Combination therapy in sarcomas and the challenges of heterogeneity
Editorial Commentary

Combination therapy in sarcomas and the challenges of heterogeneity

Emine Hatipoglu, Robin L. Jones ORCID logo

Sarcoma Unit, Royal Marsden Hospital and Institute of Cancer Research, London, UK

Correspondence to: Prof. Robin L. Jones, BSc, MBBS, MRCP, MD (Res), FASCO. Sarcoma Unit, Royal Marsden Hospital and Institute of Cancer Research, Fulham Road, London SW3 6JJ, UK. Email: robin.jones4@nhs.net.

Comment on: Rosenbaum E, Seier K, Bradic M, et al. A phase I study of the CSF1R inhibitor vimseltinib in combination with the PD-L1 inhibitor avelumab in patients with advanced sarcoma. ESMO Open 2025;10:105522.


Keywords: Sarcomas; avelumab; vimseltinib


Submitted Jan 28, 2026. Accepted for publication May 19, 2026. Published online Jun 24, 2026.
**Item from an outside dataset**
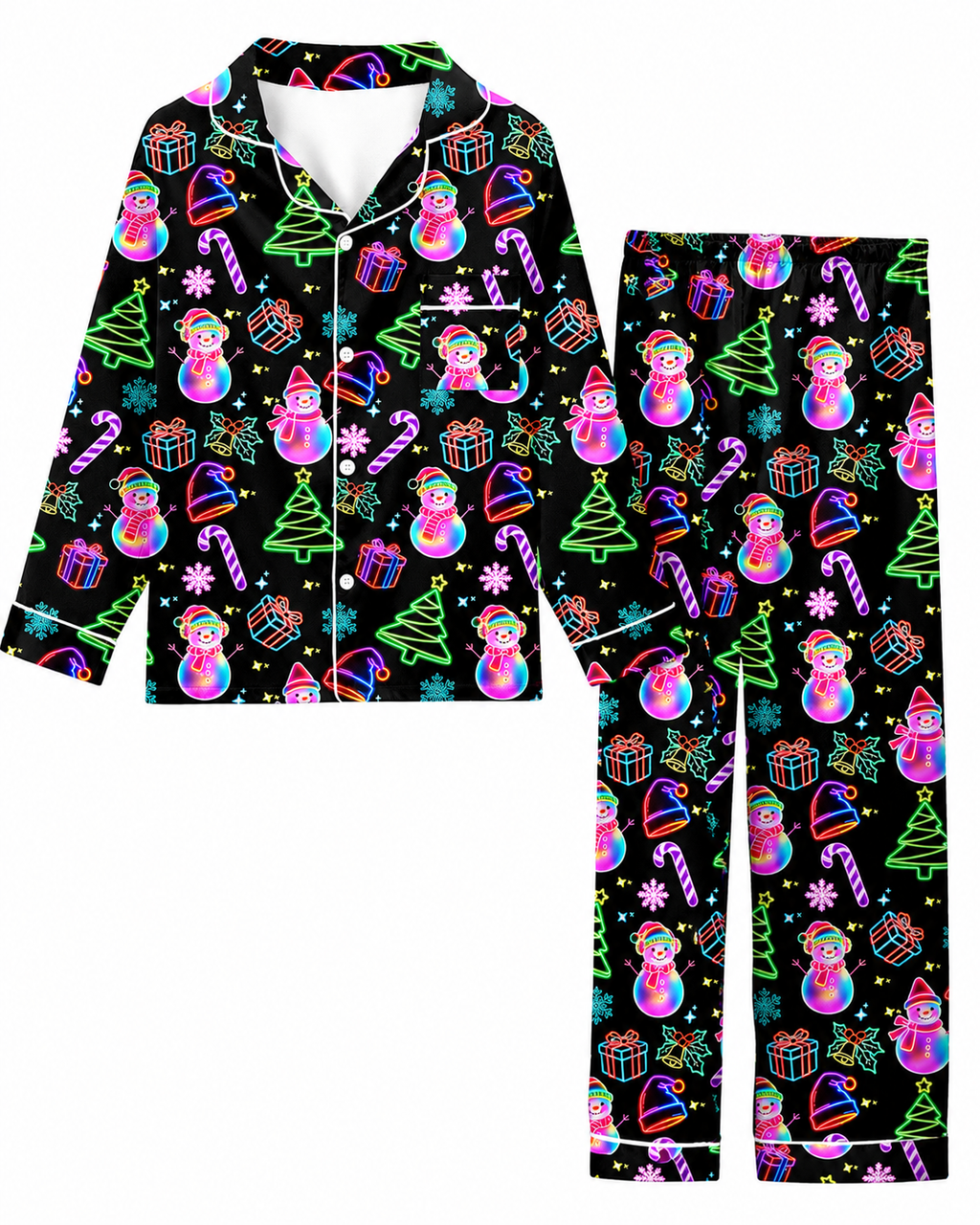 Lanbubble Girls Christmas Pajama Set Silky Satin Feel Long Sleeve Button Down Holiday Sleepwear with Elastic Waist Pants Size 5-14Y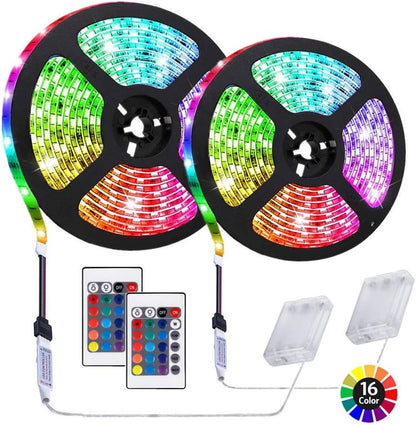 6.56_feet_Battery_Powered_LED_Strip_Lights,_DIY_Indoor_and_Outdoor_Decoration,_Waterproof,_24_Keys_Remote,_1_Pack/2_Pack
doi: 10.21037/cco-2026-1-0017


The outcome for patients with advanced sarcomas remains poor with few novel therapies approved over the last 40 years. Doxorubicin remains the cornerstone of first-line therapy either as single agent or in combination (1). It could be argued that the superiority of combination therapy compared to sequential single agent treatment in advanced disease remains unanswered. Doxorubicin and ifosfamide are significantly more effective than single agent doxorubicin in terms of response rate and progression-free survival (PFS), although the combination has considerably more toxicity preventing its routine use in the elderly and those with comorbidities (2). Recently, the combination of doxorubicin and trabectedin has emerged as an effective and well tolerated combination schedule in advanced leiomyosarcomas (3). A major limitation to progress is that our understanding of the underlying biology of most sarcoma subtypes is very limited. Even with a specific subtype, there can be considerable variation in clinical behaviour and response to systemic therapy, but the precise biological reasons for such variation are not currently known.
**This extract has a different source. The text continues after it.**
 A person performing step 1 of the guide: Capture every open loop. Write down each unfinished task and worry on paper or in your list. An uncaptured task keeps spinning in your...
The introduction of colony stimulating factor 1 receptor (CSF1R) inhibitors in the management of tenosynovial giant cell tumours (TGCT) has revolutionised the management of this disease, with a number of positive Phase 3 trials leading to regulatory approvals (4). However, the role of these agents in sarcomas remains to be defined. Immune checkpoint inhibitors have shown disappointing efficacy in most sarcoma subtypes, with limited durable responses. There is clear evidence of durable benefit in specific sarcomas including alveolar soft part sarcoma, cutaneous angiosarcoma and undifferentiated pleomorphic sarcoma.

With this backdrop, Dr. Rosenbaum and colleagues have performed a Phase 1 trial of the CSF1R inhibitor vimseltinib in combination with the programmed death ligand-1 (PD-L1) inhibitor avelumab (5). The trial had a standard 3+3 dose escalation design and a dose expansion with the recommended Phase 2 dose. They found that the combination was generally safe and well tolerated. However, in this unselected population, efficacy was minimal with no objective responses and a median PFS in the population treated at the recommended Phase 2 dose of 1.55 months.

The hypothesis for assessing this combination is the potential for vimseltinib plus avelumab to enhance immune checkpoint inhibition by reducing tumour associated macrophage (TAM)-mediated immunosuppression. In murine models, combination therapy with CSF1R and checkpoint inhibitors led to dimensional tumour shrinkage and an increase in CD8+ T-cell activity. Complementary translational studies in this Phase 1 trial reported decreases in regulatory T cells and myeloid-derived suppressor cells (MDSCs) in peripheral blood consistent with the proposed mechanism of action of the combination. Furthermore, changes in gene expression were observed between paired tumour biopsy specimens, with an increase in tumour-infiltrating T cells and a decrease in macrophage gene expression with treatment. These findings are supportive of the hypothesised mechanism of action, but with this schedule this did not translate to clinical benefit. However, the dose expansion phase was closed early due to slow accrual and therefore interpretation of the negative results should be guarded without sufficient information on efficacy at the recommended dose.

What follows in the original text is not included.